The proof may well be in the pudding of the 2018 G7 meeting in La Malbaie, Quebec. We are told [by Peter Boehm, deputy minister for the G7 summit] that “Along with inclusive economic growth — which has in the past been the G7’s main raison d’être — and a traditional focus on security issues, Boehm was enthusiastic about an agenda that will highlight gender equality and climate change.” We wonder what Mr. Pearson would think.

We wonder how he would have felt about the selection of Richard Wagner as the next Supreme Court chief justice.
Chantal Hébert, always one of the best commentators, suggests that the Court and the country may be in for some interesting times.

Have you been following the story of ‘Oumuamua‘? Do you know what ‘Oumuamua’ is? It is the first interstellar object seen in our solar system. And starting Wednesday at 3 p.m. Eastern Time, the Green Bank Telescope will aim at  and observe the asteroid for 10 hours across four bands of radio frequency. The results may be made public within a matter of days. Astronomers around the world have chased after the mysterious space rock with their telescopes, collecting as much data as they could as it sped away. Their observations revealed a truly unusual object with puzzling properties. Scientists have long predicted an interstellar visitor would someday coast into our corner of the universe, but not something like this. “The more I study this object, the more unusual it appears, making me wonder whether it might be an artificially made probe which was sent by an alien civilization,” Avi Loeb, the chair of Harvard’s astronomy department. Stay tuned!

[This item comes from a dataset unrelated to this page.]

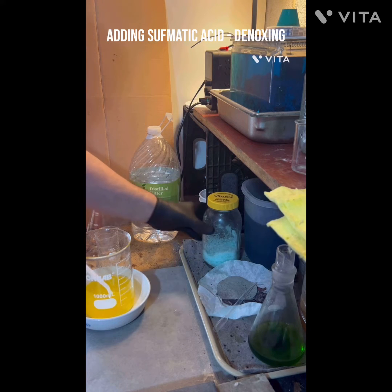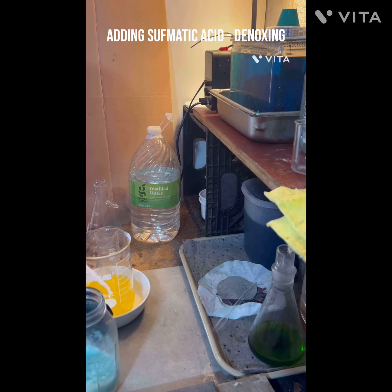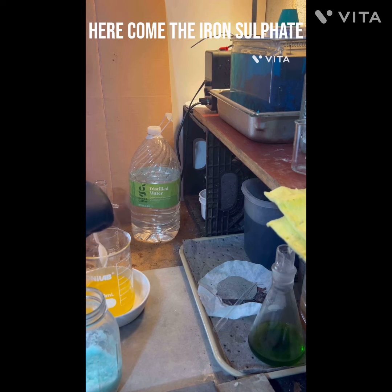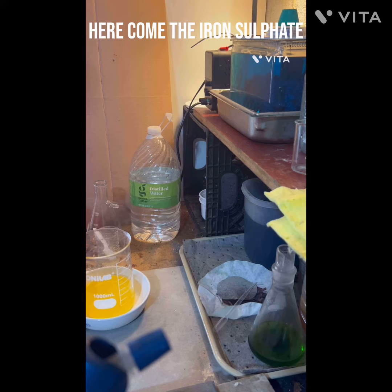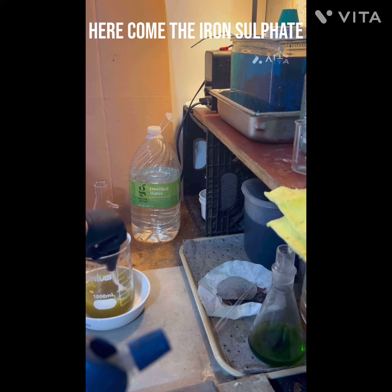Time for our favorite - ferrous sulfate. We're even going to use a new spoon. Brought to you by cha-ching - not really, but I thought I'd throw that out there for a little humor today. So here we are with the ferrous sulfate. I'm going to put this on heat, we'll come back to it. Look at that great gold - this is the second drop, by the way.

The mystery of who paid the astronomical price of $450 million for Leonardo da Vinci’s Salvator Mundi is solved and we also know who the previous owner was: Russian billionaire Dmitry Rybolovlev. It will be exhibited in the Louvre Abu Dhabi. Prince Badr Al Saud acted as an intermediary to help the Abu Dhabi Department of Culture & Tourism buy the painting
One friend comments:
“A Wahhabi prince, intercedes for Sunni buyer of a catholic artist’s work depicting the prophet Jesus. I hope the irony of this is not lost…” We would add only that the report comes from Bloomberg, completing the ecumenical circle.

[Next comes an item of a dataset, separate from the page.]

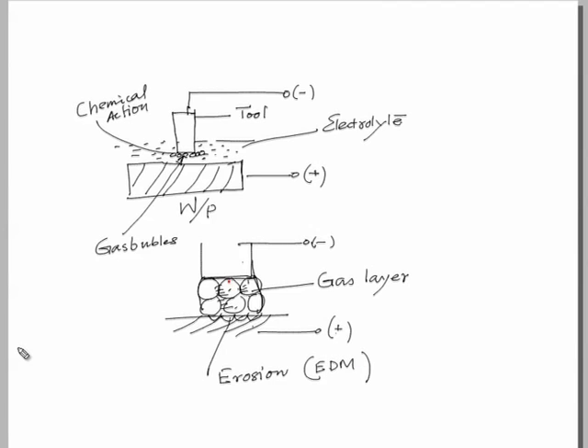However, as soon as the sparking takes place — since this is not a continuous process — the gas layer will disappear momentarily, and again the chemical action will take place. Again the gas layer will be formed and this will continue for further action.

Update: Sam Stein responds: Re the purchase of the Leonardo painting by the Abu Dhabi Louvre, Islam considers Jesus as an important prophet, second only to Mohammed himself, so it’s not all that odd for the museum to be acquiring or displaying it. What is odd, is the whole notion of a museum if anyone had been serious about Wahhabi thinking, which forbids any representation or veneration of saints or objects associated with them (you may have noticed that there is no representation anywhere of Mohammed). This is what animated the destruction of the Timbuktu shrines.